The song, Pretend, was a golden oldie which had first provided a hit for Nat King Cole in 1953, but it was a rockabilly version by Carl Mann which Waterman realized would be perfect for Alvin. "We also thought it was a hit," notes Alvin, "but we didn't think we had any hope of getting a record deal."

They reckoned, however, without Dave Robinson at Stiff Records. After being turned down by several labels, Waterman and producer Peter Collins took it to Robinson who immediately saw the potential. "So I agreed to meet up with Alvin," recalls Robinson. "Of course, I could remember him as Shane Fenton, and I'd always liked him then, the image was good and his delivery of the songs was great. I'd grown up listening to rockabilly so I could see where he was coming from with Pretend."

The result was another comeback, peaking at No4 in 1981, but Pretend proved difficult to follow up until, as songwriter Mike Batt remembers, "I had written a song, I Feel Like Buddy Holly, inspired by watching planes come in on the early morning flights. My girlfriend was supposed to be on one of those flights but she was an Australian soap actress and her series got renewed, so she never made it. It was raining, which gave me idea for the line, 'I feel like Buddy Holly, cause it's raining in my heart.'"

When Batt was dining one night with Alvin and his actress wife, Lisa Goddard, he played the song to them and Alvin immediately loved it. "We recorded it in a day," says Batt. "I gave myself four hours to mix it, which I sometimes do to keep things fresh. It just sounded like a hit from the start."

Once more, this time on Chrysalis Records, Alvin was off and running up the charts, peaking at No7 with it and with the follow-up I Won't Run Away, in 1984.

in the 90s, Alvin was drawn away from music as he pursued a rewarding acting career, with prominent roles in tv series including Hollyoaks, Doctors and The Grimleys, as well as West End stage successes in Godspell, Chitty Chitty Bang Bang and David Copperfield.

"But I eventually realized how much I was missing my music," he says. "I particularly wanted to get back to making music the way I'd done it in the early days, live and fresh in the studio."

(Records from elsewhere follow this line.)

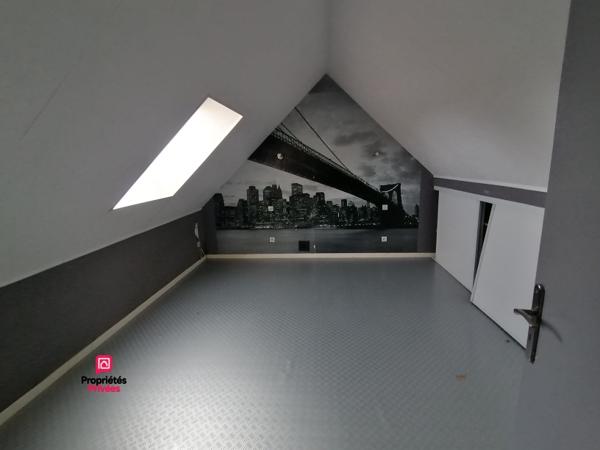 TRUN (61160) maison   5 pièces,  103  m2 environ,  4 chambres, 1 bureau  PRIX  146 000 honoraires 4,29% inclus à la charge de l'acquéreur, soit 140 000 hors honoraires
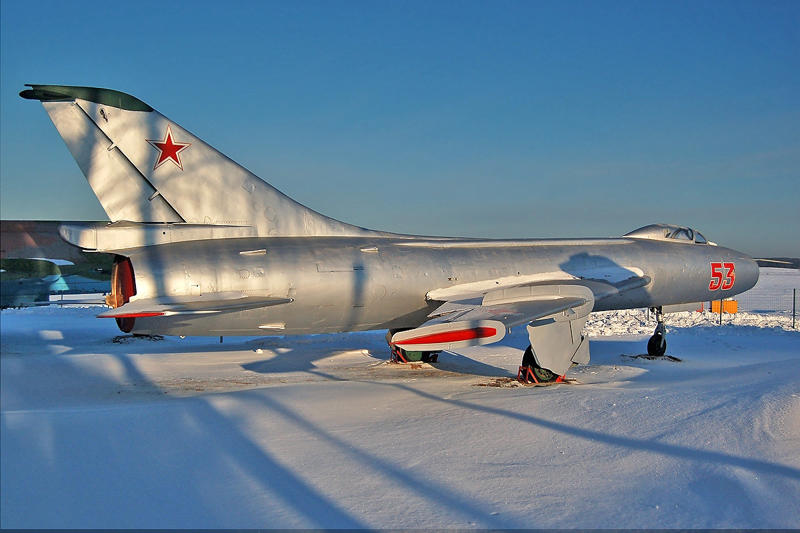 10: Tupolev Tu-116, 9: Sukhoi Su-7, 8: Lavochkin LaGG-3, 7: Silvanskii IS, 6: Mikoyan-Gurevich MiG-23MS, 5: Antonov An-10, 4: Tupolev Tu-144, 3: Yakovlev Yak-38, 2: Sukhoi Su-2 (1937), 2: Sukhoi Su-2, 1: Kalinin K-7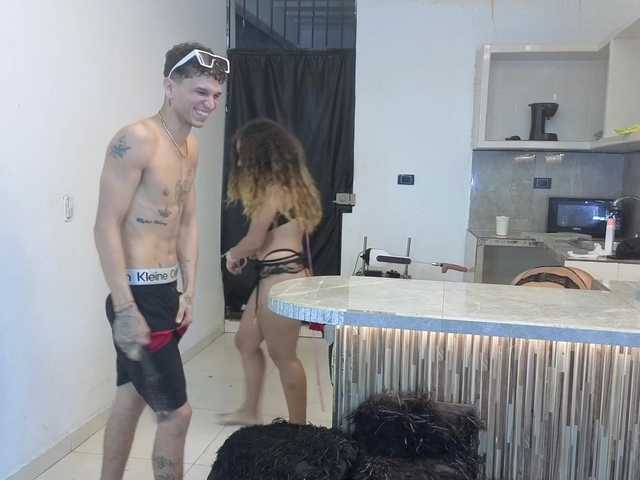 Hot-Swinger-ADS's BongaCams show and profile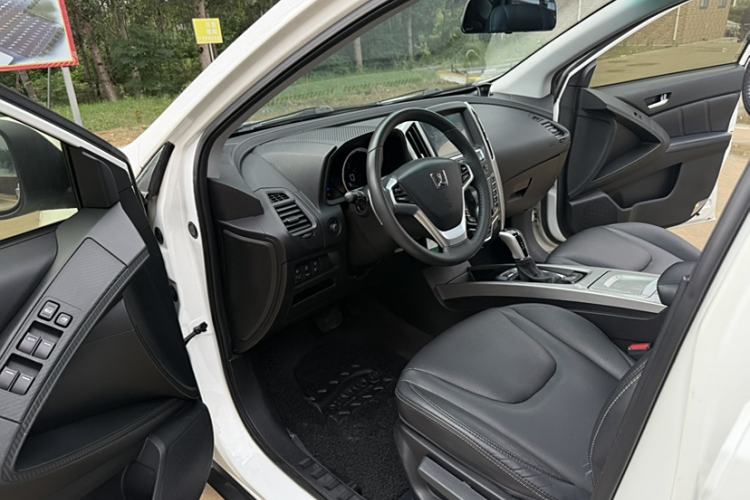 Used Luxgen U6 SUV 2017 1.8T Enhanced Charm Edition Interior 2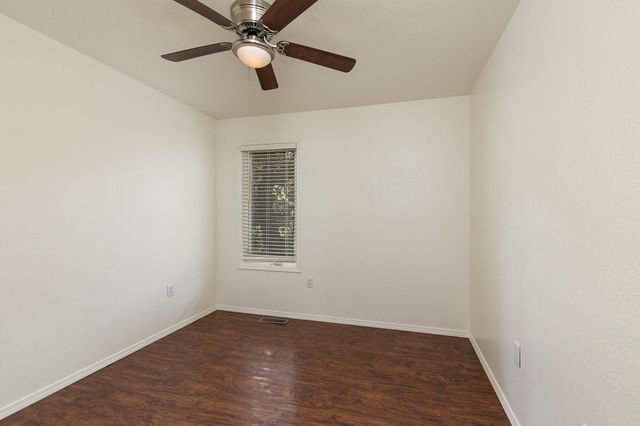 2725 Maple Street, Hollister, MO 65672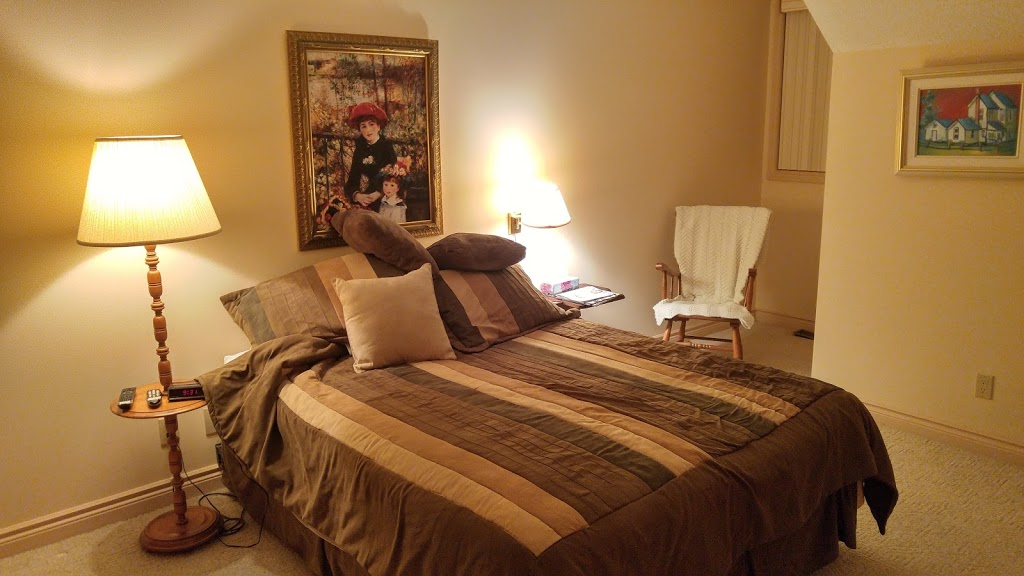 Tall Pines Bed & Breakfast | 1835 Stittsville Main St, Stittsville, ON K2S 1B8, Canada | Phone: (613) 836-4206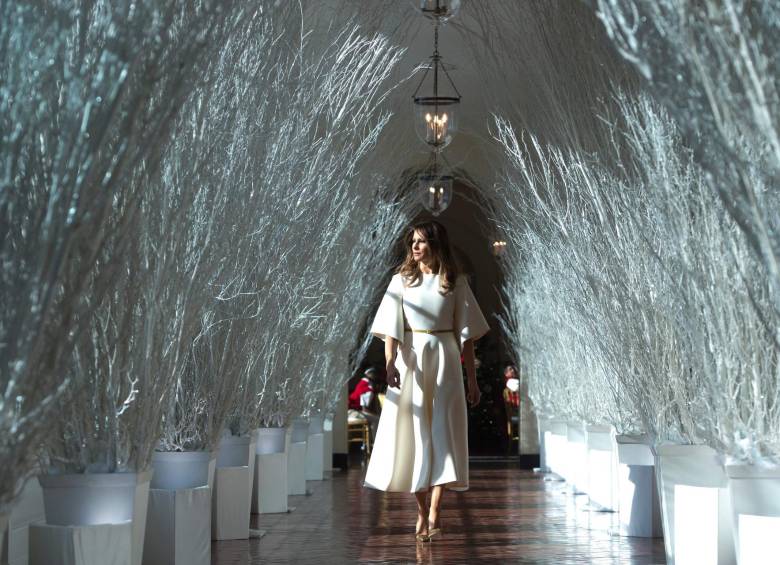 La primera dama recorrió las salas ornamentadas y comprobó que no faltara ningún detalle durante la presentación de la decoración. FOTO AFP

This heartfelt ambition was realized via a liaison with former General Manager of Hansa Records and Divisional MD of Pinnacle Records, Paul Lynton who, like Alvin, had found himself increasingly removed from the nitty gritty of music making and was keen to get back in harness. "I went round his house with my guitar and a little recorder," says Alvin. "He sat at the piano, and we'd written a song in about half an hour. A couple of days later we got together again and wrote another one. It felt really easy because we were enjoying it so much."

The end result is the new album, I Love Rock 'N' Roll, which, he feels, finally presents the real Alvin Stardust to the world. "At last, no-one is telling me what to wear, what to write, what to sing," he declares with evident relish. "I feel like I'm being me for the first time in ages." He pauses for just a heartbeat, then adds, "In fact, since I was a teenager."